Para ese asunto yo tengo una respuesta. Era costumbre, en el viejo régimen, que quienes tenían manga en los exámenes, para obtener buenas notas o para dictarlas, podían hacer lo que les diera la gana con sus exámenes, al grito siempre instructivo de "eso te lo arreglo yo", o bien con el grito de "tú que puedes, arréglamelo, es una tontería sin importancia".

Eso ha pasado y eso es probable que pase, a no ser que ahora la gente espabile y, tras el caso Cifuentes, unos y otros sientan que es mejor ser respetuoso con el orden de lo público.

El microfranquismo. El último miércoles, al volver de Tenerife, me encontré condenadas varias estancias correlativas de la T4, zona de equipajes.
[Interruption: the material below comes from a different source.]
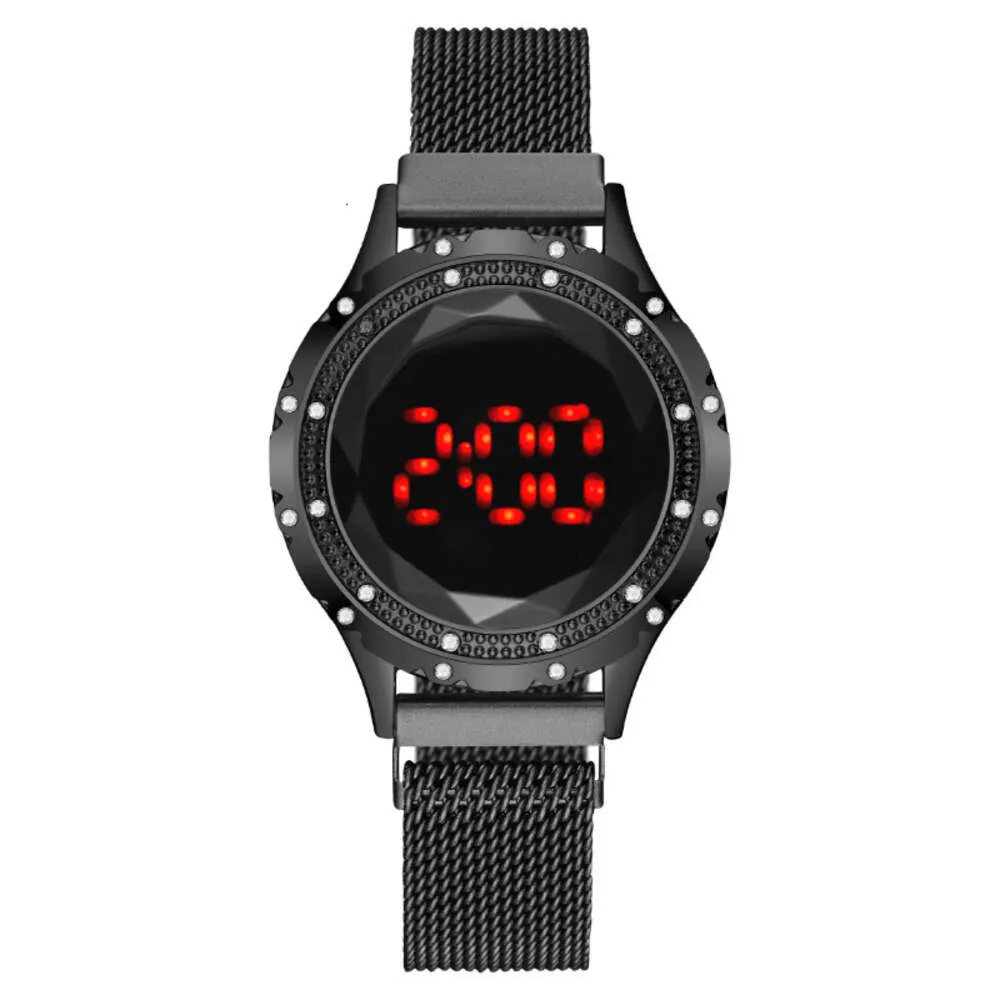 Modieus touchscreen LED-diamant ingelegd luie dameshorloge, magnetisch elektronisch horloge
Guardias civiles, hombres y mujeres, guardaban la zona, la mitad del citado espacio. Me identifiqué como periodista y los agentes me dijeron, con ese aire de orden terminante que tienen los agentes cuando guardan un espacio vacío, que era asunto reservado, que siguiera circulando. Circulé, claro, pero indagué en otras fuentes. No había atentados, ni amenazas: lo que ocurría era que el ministro de Fomento, Íñigo de la Serna, rendía visita al aeropuerto. Como jefe de Aena necesita un amplio espacio, se ve, y que éste estuviera vacío. Eso no es microfranquismo, me parece. Es franquismo puro y duro.

Otros sarpullidos han ido yendo y viniendo, de juzgado en juzgado, sobre todo; a una revista la condenan por zaherir a un torero, a un actor lo incriminan por decir de Dios de todo menos bendito. Y así sucesivamente. Al microfranquismo se lo ve llegar a lomos de un burro antiguo, la intransigencia, la fe inquebrantable en valores eternos, patrióticos, religiosos o ideológicos. Miren adentro y verán al microfranquista que los acompaña.